Generalized Model Predictive Path Integral Control as Expectation--Maximization
For researchers in stochastic optimal control and robotics, this work provides a theoretical foundation and generalization of MPPI, but the results are incremental as they reinterpret existing methods.
The paper shows that Model Predictive Path Integral (MPPI) control is a special case of Expectation-Maximization (EM) applied to probabilistic optimal control, and generalizes MPPI beyond Gaussian parameterizations. It provides convergence analysis, including local convergence rates and sufficient increase properties for exponential-family distributions.
Model Predictive Path Integral (MPPI) control is a powerful sampling-based method for solving stochastic optimal control problems and has enabled real-time control in complex robotic systems. Despite its empirical success, its theoretical understanding remains limited. In this work, we show that MPPI can be interpreted as a special case of the Expectation-Maximization (EM) algorithm applied to a probabilistic inference formulation of optimal control.

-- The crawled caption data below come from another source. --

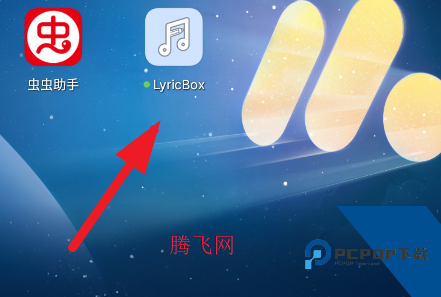 LyricBoxapp手机版 LyricBoxapp手机版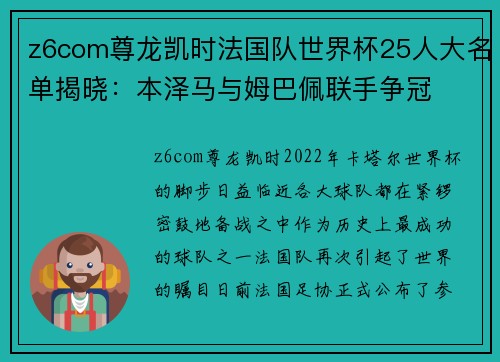 z6com尊龙凯时法国队世界杯25人大名单揭晓：本泽马与姆巴佩联手争冠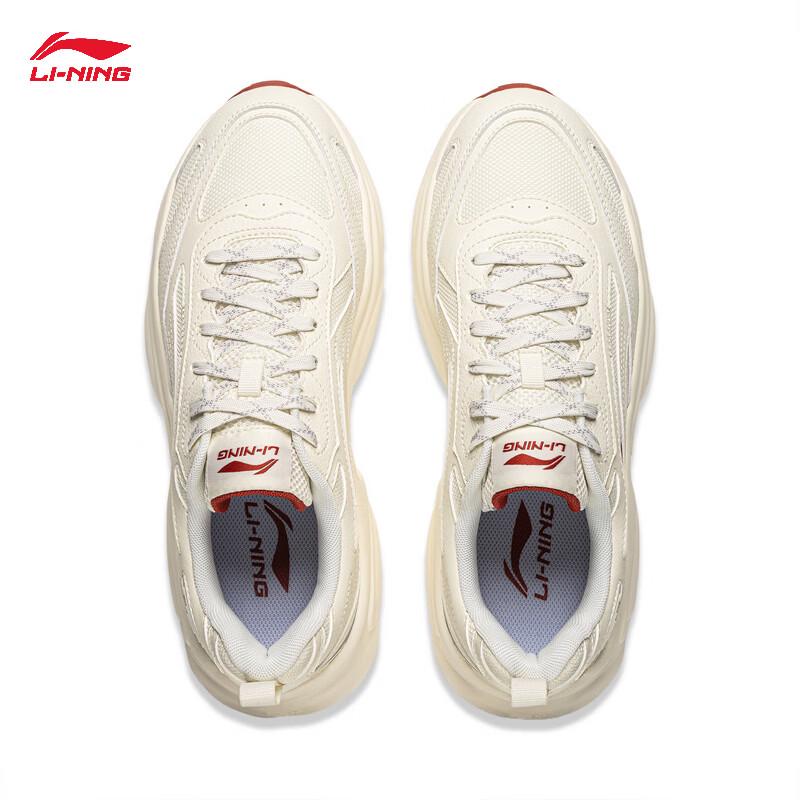 Li-Ning Men's Coconut Milk Cushioning Casual Shoes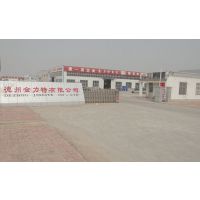 德州金力特电机有限公司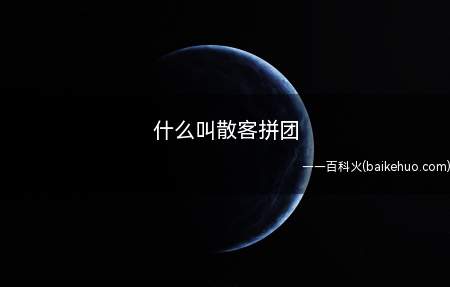 什么叫散客拼团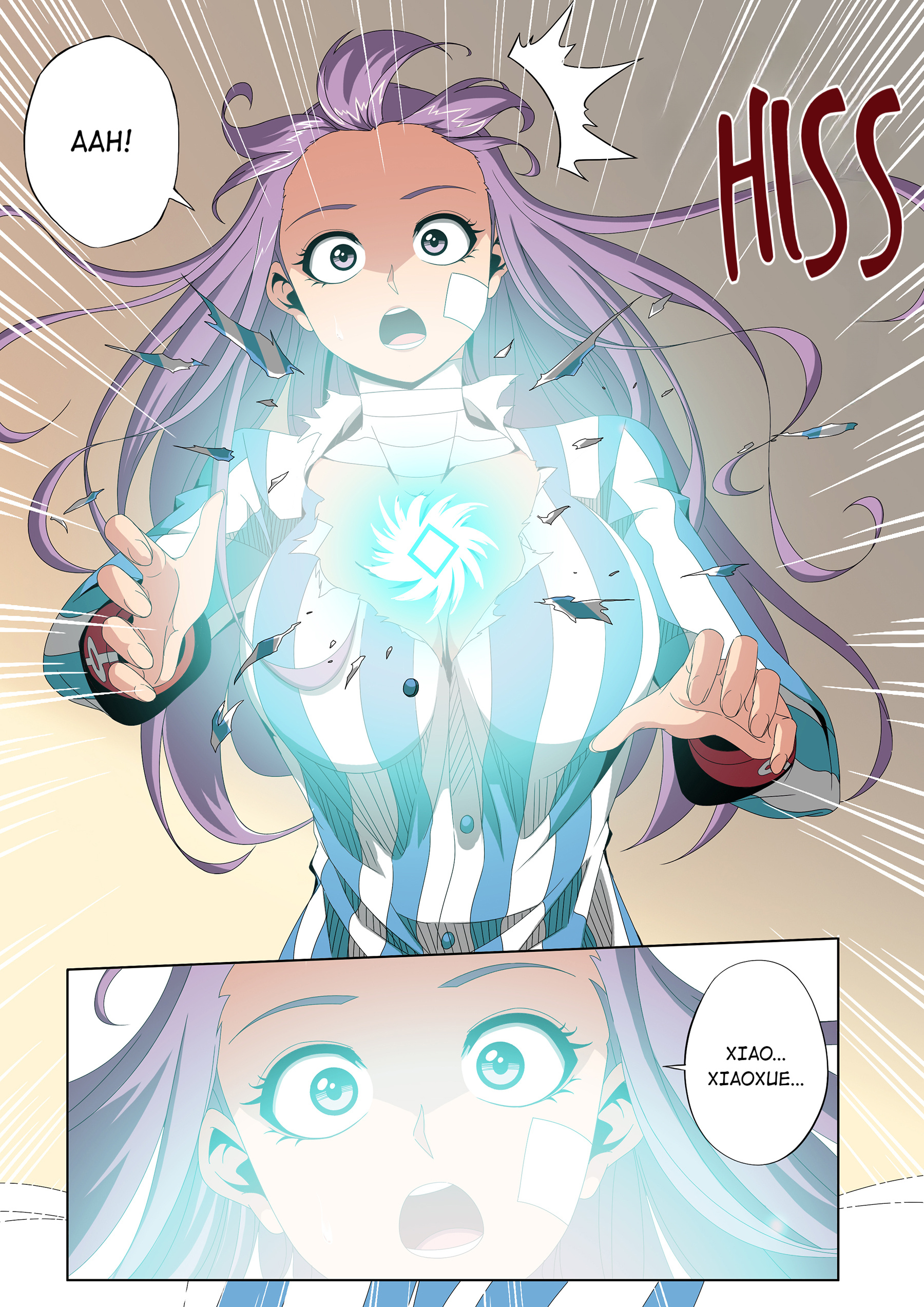 Warring States Martial Academy chapter 230 - page 7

This perspective leads to a generalized EM-MPPI framework that extends MPPI beyond the commonly used Gaussian parameterization. We analyze the convergence behavior of this algorithm and characterize the local convergence rate in terms of the covariance of the posterior trajectory distribution and the exploration distribution. For exponential-family distributions, we establish a sufficient increase property of the log-likelihood when the log-partition function is strongly convex. Specializing the analysis to Gaussian MPPI yields explicit global and local convergence characterizations. The code for the experiments will be available upon acceptance.